*
KOSPI falls, foreigners net sellers
*
Korean won weakens against dollar
*
South Korea benchmark bond yield rises
SEOUL, Feb 15 (Reuters) - Round-up of South Korean
financial markets:
** South Korean shares fell 1% on Wednesday after some
investors booked profits while gauging the impact from a rise in
U.S. January inflation and the Fed's commentary that the cenbank
will need to keep gradually raising interest rates. The Korean
won weakened, while the benchmark bond yield rose.
** The benchmark KOSPI fell 24.31 points, or 0.99%,
to 2,441.33 as of 0212 GMT.
** U.S consumer prices accelerated in January, but the
annual increase was the smallest since late 2021, pointing to a
continued slowdown in inflation and likely keeping the Federal
Reserve on a moderate interest rate hiking path.

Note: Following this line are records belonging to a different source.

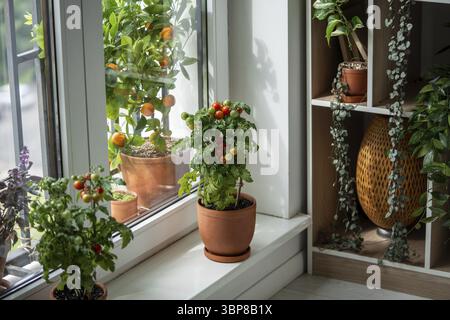 Petit buisson de balcon cerise tomate rouge dans des pots en céramique poussant sur le rebord de la fenêtre à la maison. Jardinage intérieur et agriculture. Tomates en pot naines p Banque D'Images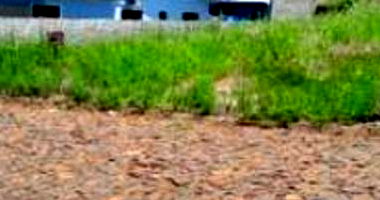 Imóvel Urbano com Área Total de 350,03 m² em Capanema - PR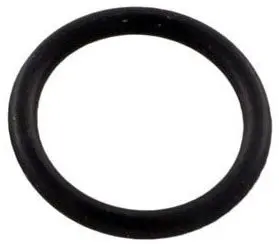 Pentair 192115 O-Ring Drain Plug 1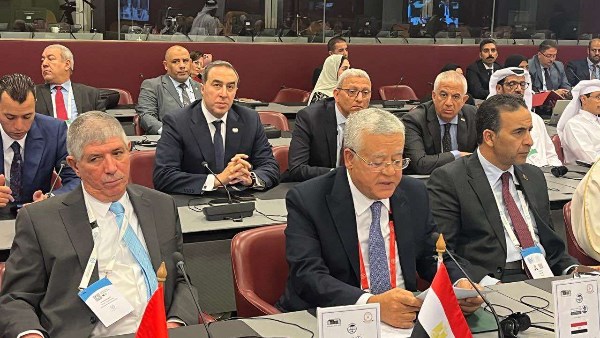 محمود محمد كمال الفرارجي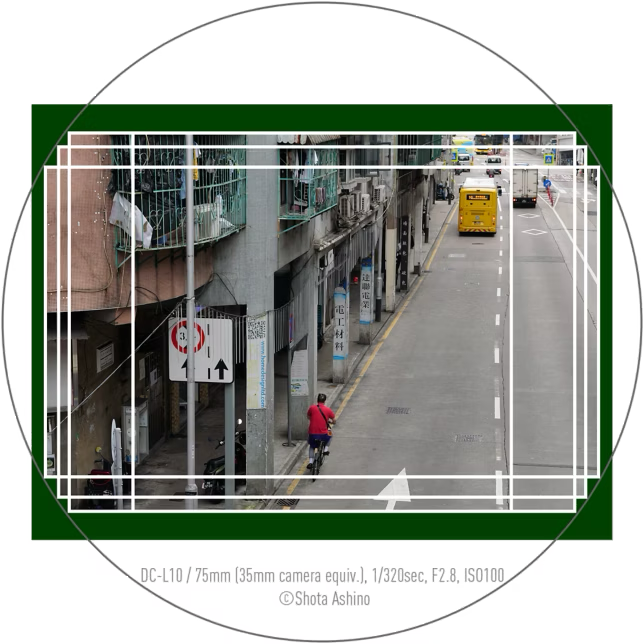 aparat panasonic lumix l10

** "The market took mixed implications from the data, and
foreigners are seen booking profits afterwards," said Kim
Seok-hwan, an analyst at Mirae Asset Securities.
** "Investors are now eyeing U.S. retail sales and factory
output data to see impact from high interest rates."
** Technology giant Samsung Electronics fell
1.42% and peer SK Hynix lost 1.71%, but battery
maker LG Energy Solution added 2.10%.
** Of the total 933 issues traded, only 152 shares advanced.
** Foreigners were net sellers of shares worth 212.2 billion
won ($166.17 million).
** The won was quoted at 1,275.3 per dollar on the onshore
settlement platform , 0.46% lower than its previous
close at 1,269.4.
** In money and debt markets, March futures on three-year
treasury bonds fell 0.19 point to 104.23.
** The most liquid three-year Korean treasury bond yield
rose by 6.3 basis points to 3.492%, while the benchmark 10-year
yield rose by 4.7 basis points to 3.445%.